The Peninsular Series @ Pace Gallery
Viewing Yusof Majid's exhibition "The Peninsular Series", especially after other solos earlier this year by naiveté artists Yusof Gajah and Fauzul Yusri, makes me ponder upon one's notion of the search for innocence. The adult perspective cannot hide behind these large whimsical landscapes, but perhaps serve as an escapist fantasy to the harsh realities of daily life.
|Frasers Hill (2013)|
A delightful nangka perches atop Fraser's Hill, providing its occupant a cool respite from the city, hidden below underneath thick white clouds. Three large Rafflesia flowers emerge from the Kelantan forests, while an oversized chilli floats down the Perak river, threatening to throw thrill-seeking children overboard. In 'Raub Honey Tree', a central composition complements the artists's skill in drawing night, creating a mystical yet familiar atmosphere that envelops the moonlit summit.

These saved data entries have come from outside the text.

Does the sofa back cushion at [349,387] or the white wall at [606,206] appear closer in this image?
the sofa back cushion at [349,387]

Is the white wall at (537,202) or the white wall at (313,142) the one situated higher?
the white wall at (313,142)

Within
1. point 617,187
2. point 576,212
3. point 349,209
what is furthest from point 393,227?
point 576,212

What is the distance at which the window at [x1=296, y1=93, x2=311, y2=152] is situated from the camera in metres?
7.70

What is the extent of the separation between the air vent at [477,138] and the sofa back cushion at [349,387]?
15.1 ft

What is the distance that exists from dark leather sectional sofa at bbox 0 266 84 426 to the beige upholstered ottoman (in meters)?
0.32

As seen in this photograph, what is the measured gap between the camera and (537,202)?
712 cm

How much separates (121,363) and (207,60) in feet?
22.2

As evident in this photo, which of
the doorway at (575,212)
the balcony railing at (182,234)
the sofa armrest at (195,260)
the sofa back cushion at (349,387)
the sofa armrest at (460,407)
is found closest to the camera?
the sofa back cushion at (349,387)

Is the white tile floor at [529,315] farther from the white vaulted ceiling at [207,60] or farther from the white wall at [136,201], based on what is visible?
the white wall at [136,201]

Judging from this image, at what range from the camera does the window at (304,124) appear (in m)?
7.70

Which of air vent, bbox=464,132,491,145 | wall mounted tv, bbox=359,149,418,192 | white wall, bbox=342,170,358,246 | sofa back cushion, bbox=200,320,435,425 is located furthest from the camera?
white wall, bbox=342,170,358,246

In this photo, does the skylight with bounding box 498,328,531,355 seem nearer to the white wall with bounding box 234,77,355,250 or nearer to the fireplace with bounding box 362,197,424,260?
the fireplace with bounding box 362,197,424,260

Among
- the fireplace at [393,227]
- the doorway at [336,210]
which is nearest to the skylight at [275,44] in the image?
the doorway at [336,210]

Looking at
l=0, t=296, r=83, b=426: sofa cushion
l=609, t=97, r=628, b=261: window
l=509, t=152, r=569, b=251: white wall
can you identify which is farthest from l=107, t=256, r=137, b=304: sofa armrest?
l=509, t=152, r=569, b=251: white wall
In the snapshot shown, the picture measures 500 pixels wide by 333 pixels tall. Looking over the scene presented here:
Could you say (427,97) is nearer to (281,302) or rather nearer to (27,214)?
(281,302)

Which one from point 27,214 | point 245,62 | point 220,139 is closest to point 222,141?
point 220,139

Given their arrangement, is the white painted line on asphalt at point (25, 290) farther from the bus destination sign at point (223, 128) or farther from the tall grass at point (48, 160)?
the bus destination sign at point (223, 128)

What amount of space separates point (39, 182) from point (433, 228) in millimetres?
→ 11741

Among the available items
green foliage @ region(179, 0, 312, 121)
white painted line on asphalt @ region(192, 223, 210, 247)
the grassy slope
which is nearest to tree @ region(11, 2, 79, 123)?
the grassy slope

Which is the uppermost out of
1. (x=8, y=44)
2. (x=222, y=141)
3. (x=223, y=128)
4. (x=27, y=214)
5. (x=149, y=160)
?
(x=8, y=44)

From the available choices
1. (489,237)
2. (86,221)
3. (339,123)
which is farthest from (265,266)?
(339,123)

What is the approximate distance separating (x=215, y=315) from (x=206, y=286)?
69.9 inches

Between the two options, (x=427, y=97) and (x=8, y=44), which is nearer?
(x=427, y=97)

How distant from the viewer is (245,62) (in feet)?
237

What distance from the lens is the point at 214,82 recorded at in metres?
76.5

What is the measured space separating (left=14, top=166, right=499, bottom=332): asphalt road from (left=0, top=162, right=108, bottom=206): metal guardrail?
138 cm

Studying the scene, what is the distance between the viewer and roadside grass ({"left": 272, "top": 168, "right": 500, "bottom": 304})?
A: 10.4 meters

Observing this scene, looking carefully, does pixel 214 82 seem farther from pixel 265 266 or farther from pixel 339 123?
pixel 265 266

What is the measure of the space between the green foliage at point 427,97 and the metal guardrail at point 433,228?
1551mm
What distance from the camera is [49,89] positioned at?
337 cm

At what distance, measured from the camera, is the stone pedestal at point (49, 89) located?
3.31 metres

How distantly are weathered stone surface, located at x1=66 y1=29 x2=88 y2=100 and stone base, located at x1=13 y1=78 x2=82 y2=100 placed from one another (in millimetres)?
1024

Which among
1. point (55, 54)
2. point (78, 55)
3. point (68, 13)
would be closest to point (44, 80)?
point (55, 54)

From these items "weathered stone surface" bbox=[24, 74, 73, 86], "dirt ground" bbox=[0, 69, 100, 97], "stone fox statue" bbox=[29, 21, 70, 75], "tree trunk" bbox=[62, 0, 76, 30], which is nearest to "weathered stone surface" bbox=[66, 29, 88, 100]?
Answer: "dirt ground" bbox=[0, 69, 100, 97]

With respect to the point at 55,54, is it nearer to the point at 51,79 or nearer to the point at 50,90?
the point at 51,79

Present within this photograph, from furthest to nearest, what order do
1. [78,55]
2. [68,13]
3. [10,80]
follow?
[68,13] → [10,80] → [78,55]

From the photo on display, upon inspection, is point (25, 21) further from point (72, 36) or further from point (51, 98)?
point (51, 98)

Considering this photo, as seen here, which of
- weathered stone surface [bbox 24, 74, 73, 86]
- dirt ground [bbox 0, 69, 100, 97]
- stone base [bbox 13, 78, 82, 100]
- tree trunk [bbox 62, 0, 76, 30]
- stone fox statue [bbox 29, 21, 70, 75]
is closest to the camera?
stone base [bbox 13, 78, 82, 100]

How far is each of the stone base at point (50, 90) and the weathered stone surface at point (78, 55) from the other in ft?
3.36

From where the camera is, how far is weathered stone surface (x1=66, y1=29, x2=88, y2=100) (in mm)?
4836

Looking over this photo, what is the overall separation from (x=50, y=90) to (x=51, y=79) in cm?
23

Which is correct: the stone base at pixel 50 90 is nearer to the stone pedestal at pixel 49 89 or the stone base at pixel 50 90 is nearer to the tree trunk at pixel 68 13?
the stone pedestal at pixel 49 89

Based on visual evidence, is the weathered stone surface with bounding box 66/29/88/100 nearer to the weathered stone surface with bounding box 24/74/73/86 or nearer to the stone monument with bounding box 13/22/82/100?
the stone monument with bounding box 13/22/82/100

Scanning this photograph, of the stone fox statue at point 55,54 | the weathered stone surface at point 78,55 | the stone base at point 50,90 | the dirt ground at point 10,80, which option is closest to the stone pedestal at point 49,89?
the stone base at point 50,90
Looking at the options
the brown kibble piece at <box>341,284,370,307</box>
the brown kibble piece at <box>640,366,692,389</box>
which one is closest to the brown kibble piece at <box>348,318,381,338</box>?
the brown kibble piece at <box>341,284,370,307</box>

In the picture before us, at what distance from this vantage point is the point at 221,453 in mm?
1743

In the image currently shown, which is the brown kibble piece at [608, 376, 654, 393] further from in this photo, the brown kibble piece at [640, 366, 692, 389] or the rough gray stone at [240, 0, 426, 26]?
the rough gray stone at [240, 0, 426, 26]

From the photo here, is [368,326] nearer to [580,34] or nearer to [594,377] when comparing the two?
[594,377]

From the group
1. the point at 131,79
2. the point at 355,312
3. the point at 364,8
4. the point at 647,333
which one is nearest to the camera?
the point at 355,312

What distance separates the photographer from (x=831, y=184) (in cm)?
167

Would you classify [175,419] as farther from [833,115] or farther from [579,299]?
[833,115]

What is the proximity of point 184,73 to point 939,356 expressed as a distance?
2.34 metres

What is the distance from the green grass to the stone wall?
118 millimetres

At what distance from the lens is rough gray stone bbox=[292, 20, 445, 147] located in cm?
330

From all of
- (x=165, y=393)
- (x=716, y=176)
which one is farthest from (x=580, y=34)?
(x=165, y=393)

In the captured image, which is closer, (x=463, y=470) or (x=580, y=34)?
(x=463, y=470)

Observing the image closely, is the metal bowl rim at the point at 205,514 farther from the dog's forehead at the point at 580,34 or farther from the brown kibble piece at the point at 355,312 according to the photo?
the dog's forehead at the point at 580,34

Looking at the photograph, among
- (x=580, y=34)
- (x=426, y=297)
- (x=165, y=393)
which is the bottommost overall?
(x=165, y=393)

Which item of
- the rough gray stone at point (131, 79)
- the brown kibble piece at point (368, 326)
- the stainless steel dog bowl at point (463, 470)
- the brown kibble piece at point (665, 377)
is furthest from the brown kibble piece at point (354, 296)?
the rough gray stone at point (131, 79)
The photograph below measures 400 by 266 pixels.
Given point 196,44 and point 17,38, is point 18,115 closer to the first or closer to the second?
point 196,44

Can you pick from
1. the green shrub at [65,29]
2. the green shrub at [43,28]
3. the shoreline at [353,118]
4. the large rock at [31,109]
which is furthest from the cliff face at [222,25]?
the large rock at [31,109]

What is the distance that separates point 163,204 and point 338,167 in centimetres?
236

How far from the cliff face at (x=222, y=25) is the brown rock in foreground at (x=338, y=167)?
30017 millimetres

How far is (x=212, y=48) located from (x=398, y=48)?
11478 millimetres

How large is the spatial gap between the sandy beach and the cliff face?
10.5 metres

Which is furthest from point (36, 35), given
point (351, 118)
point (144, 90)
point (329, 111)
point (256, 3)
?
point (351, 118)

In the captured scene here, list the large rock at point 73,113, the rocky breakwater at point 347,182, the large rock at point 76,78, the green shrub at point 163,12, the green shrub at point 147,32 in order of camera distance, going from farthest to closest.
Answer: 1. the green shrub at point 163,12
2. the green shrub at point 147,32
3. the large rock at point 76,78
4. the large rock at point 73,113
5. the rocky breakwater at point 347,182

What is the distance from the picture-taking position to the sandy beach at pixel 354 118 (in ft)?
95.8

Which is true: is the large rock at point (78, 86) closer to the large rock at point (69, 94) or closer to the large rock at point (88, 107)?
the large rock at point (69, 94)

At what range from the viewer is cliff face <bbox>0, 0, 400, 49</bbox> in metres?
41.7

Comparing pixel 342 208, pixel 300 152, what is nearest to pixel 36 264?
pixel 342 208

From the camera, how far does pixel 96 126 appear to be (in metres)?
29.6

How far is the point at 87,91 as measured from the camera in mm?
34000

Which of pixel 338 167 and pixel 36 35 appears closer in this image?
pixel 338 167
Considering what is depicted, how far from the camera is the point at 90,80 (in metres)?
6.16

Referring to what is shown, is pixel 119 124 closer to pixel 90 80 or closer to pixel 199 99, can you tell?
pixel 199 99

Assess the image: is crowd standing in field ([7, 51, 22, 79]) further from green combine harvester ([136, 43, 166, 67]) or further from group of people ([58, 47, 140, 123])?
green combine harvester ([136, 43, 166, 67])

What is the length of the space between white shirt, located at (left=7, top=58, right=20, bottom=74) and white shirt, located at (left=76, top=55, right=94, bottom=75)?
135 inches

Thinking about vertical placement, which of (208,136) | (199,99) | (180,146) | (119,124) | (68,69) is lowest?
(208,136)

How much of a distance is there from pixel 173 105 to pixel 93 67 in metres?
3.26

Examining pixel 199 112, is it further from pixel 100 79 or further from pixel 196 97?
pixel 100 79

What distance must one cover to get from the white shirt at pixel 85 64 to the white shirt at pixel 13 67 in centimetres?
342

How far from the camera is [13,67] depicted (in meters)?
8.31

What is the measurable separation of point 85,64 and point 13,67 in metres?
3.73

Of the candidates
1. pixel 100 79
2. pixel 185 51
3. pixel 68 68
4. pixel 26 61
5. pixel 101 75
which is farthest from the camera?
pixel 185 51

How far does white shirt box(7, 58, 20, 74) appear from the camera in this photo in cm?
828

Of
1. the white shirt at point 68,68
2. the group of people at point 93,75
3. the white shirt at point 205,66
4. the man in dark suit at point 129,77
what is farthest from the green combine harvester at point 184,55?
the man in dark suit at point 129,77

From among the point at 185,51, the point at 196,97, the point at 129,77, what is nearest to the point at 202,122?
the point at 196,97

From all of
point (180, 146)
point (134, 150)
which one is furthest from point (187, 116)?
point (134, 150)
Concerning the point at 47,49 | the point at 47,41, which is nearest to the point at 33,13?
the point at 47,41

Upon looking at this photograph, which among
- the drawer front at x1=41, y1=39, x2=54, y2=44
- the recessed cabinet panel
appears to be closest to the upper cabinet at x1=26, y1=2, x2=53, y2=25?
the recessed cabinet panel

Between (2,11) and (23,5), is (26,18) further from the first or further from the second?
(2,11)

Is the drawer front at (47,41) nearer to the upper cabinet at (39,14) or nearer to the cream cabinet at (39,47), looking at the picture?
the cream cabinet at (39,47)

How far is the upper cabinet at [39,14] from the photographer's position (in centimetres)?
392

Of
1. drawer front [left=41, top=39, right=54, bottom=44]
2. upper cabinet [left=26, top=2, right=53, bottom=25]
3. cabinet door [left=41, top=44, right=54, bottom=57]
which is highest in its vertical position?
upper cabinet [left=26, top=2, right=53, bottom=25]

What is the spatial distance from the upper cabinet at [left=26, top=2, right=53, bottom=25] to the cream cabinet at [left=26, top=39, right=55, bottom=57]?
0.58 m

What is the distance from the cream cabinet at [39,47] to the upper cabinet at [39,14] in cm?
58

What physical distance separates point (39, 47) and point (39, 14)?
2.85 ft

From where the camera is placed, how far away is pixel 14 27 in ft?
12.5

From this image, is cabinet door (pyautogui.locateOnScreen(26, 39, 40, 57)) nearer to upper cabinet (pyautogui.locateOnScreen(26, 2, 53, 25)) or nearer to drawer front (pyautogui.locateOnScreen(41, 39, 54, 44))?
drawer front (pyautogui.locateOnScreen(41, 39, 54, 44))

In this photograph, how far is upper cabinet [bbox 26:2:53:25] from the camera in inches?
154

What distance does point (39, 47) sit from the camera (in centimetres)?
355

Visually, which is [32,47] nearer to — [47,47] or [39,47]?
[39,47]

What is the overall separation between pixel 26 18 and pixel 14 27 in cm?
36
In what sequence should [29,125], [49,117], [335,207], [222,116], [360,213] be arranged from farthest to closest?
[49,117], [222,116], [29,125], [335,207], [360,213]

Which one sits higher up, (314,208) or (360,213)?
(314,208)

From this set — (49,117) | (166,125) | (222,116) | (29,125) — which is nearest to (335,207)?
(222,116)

|Kelantan River and It's Three Giants (2013)|
Yusof illustrates his admiration of West Malaysia's natural beauty, each painting populated with few Lilliputian figures, that narrate a human condition or current event. Amusingly quirky scenes like cooking pans floating in Penang waters may attract a viewer's immediate attention, but it is the works with an individual object, that faciliates a personal search towards the ideal untainted notion of innocence.